*Exercise objective:*
Using the records below, copy exactly the part that opens with the line holding "TX license plate DLP2936" and closes with the line holding "Lorelei Tarón se", minus the pictures.

*Supplied data:*
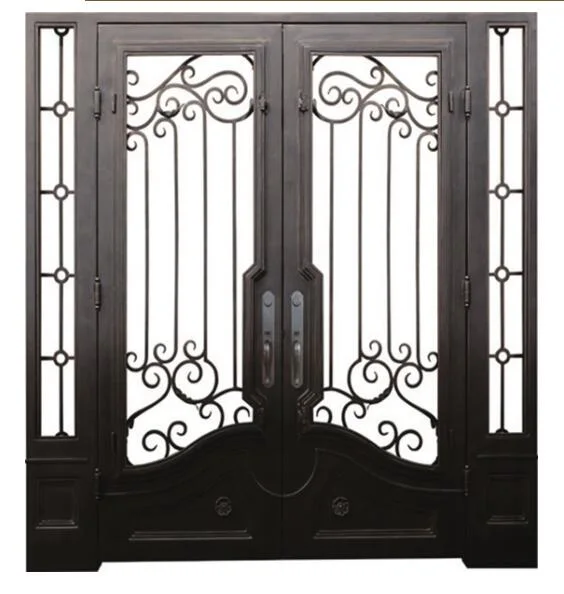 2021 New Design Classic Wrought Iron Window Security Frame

==

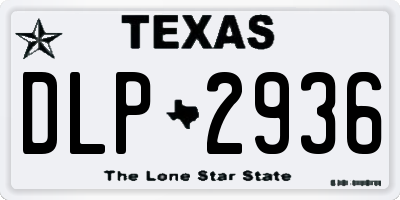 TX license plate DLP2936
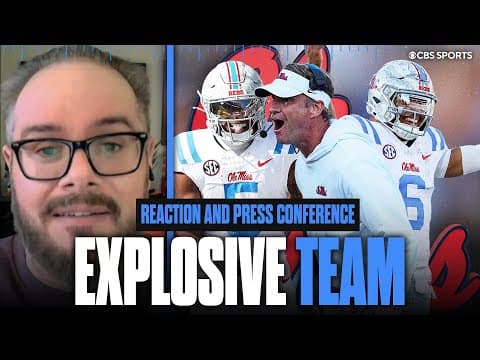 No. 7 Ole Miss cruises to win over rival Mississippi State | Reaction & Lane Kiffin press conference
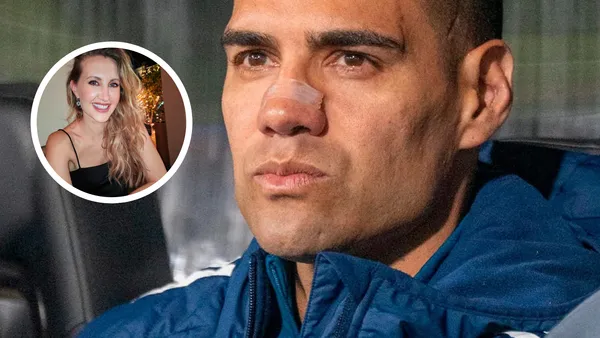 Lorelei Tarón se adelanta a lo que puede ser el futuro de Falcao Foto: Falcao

*Solution to this task:*
 TX license plate DLP2936
 No. 7 Ole Miss cruises to win over rival Mississippi State | Reaction & Lane Kiffin press conference
 Lorelei Tarón se adelanta a lo que puede ser el futuro de Falcao Foto: Falcao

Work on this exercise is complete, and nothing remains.